The lightest double chocolate layer cake
Ingredients
For the cake
- 6 large eggs, separated
- 85g caster sugar
- 50g cocoa powder
For the chocolate mousse filling
- 225g dark chocolate
- 100ml warm water
- 2 large eggs, separated
To finish
- 425ml double cream
- 100g dark chocolate, grated or shaved
Method
1. Prepare the tin
- Preheat the oven to 180°C / 160°C fan.
- Line a Swiss roll tin or similar shallow rectangular tin with baking paper.
2. Make the mousse filling
- Melt the 225g dark chocolate with the warm water in a heatproof bowl set over barely simmering water. Stir until smooth, then remove from the heat.
- Beat in the 2 egg yolks, one at a time, until fully incorporated.
- In a clean bowl, whisk the 2 egg whites until stiff. Fold them gently into the chocolate mixture.
- Chill until needed.
3. Make the cake
- Whisk the 6 egg yolks with the 85g caster sugar until thick, pale and fluffy.
- Sift in the cocoa powder and whisk until smooth.
- In a separate clean bowl, whisk the 6 egg whites until stiff peaks form.
- Fold the whites gently into the chocolate mixture in 3 additions, keeping as much air in as possible.
4. Bake
- Pour into the lined tin and spread evenly.

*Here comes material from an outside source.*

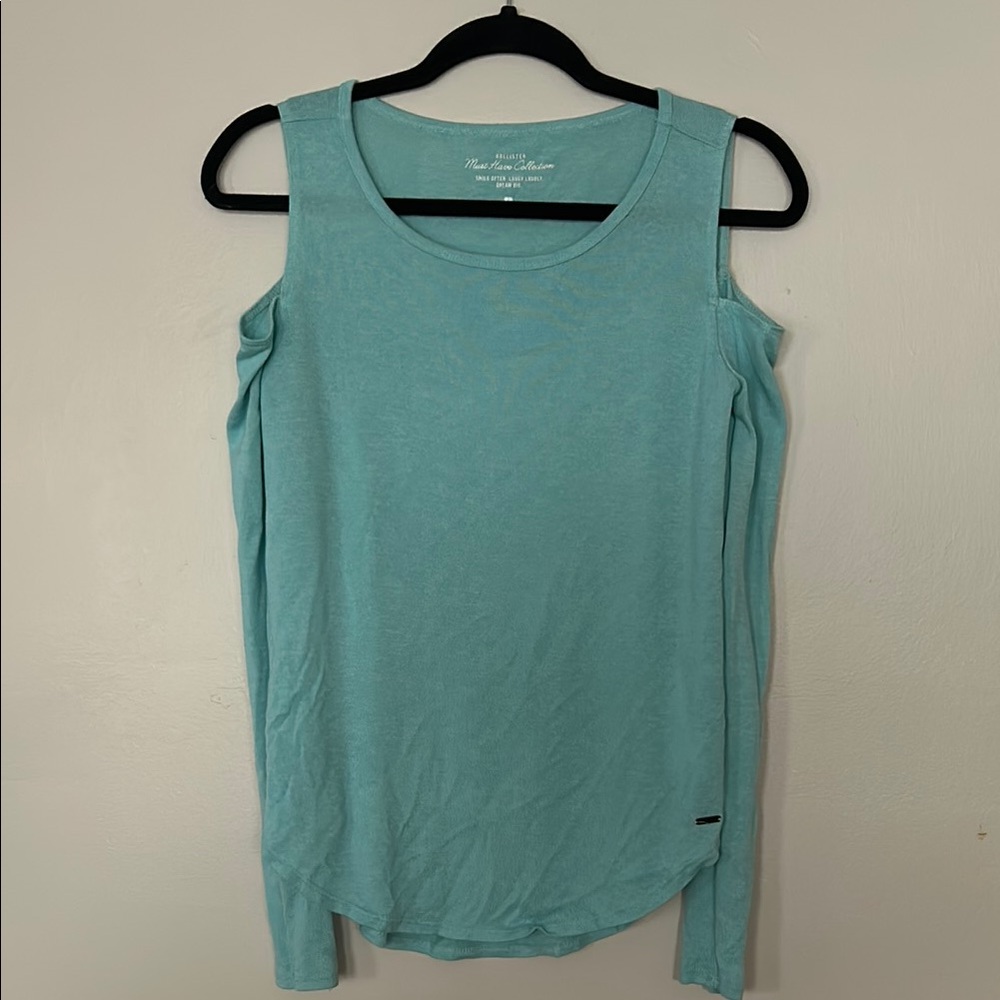 Mint Green Cold Shoulder Top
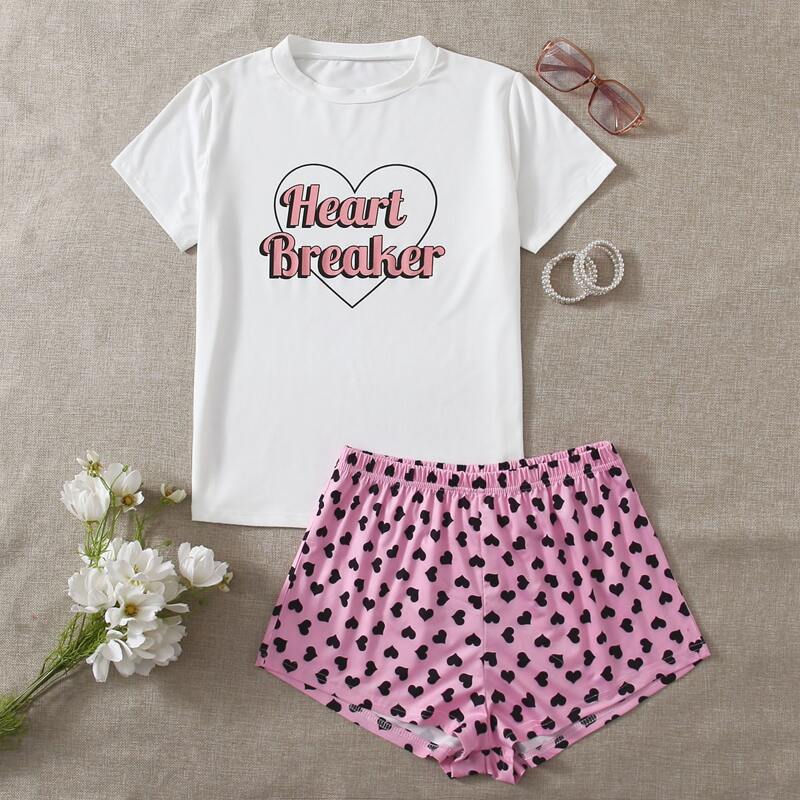 

Heart & Letter Graphic PJ Set, Multicolor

- Bake for 20–25 minutes, until the cake is risen and just set but still soft. It should feel springy rather than firm.
- Leave to cool in the tin.
5. Assemble
- Turn the cooled cake out carefully and cut into 2 equal pieces.
- Spread one half with the chilled chocolate mousse.
- Whip the double cream to soft peaks and spread some over the mousse.
- Top with the second half of cake.
- Spread the remaining whipped cream over the top and finish with grated or shaved dark chocolate.
Notes
- With the sugar reduced to 85g, expect the sponge to be slightly less sweet, a little softer, and more intensely chocolatey.
- Whisking well and folding gently matter even more with the reduced sugar.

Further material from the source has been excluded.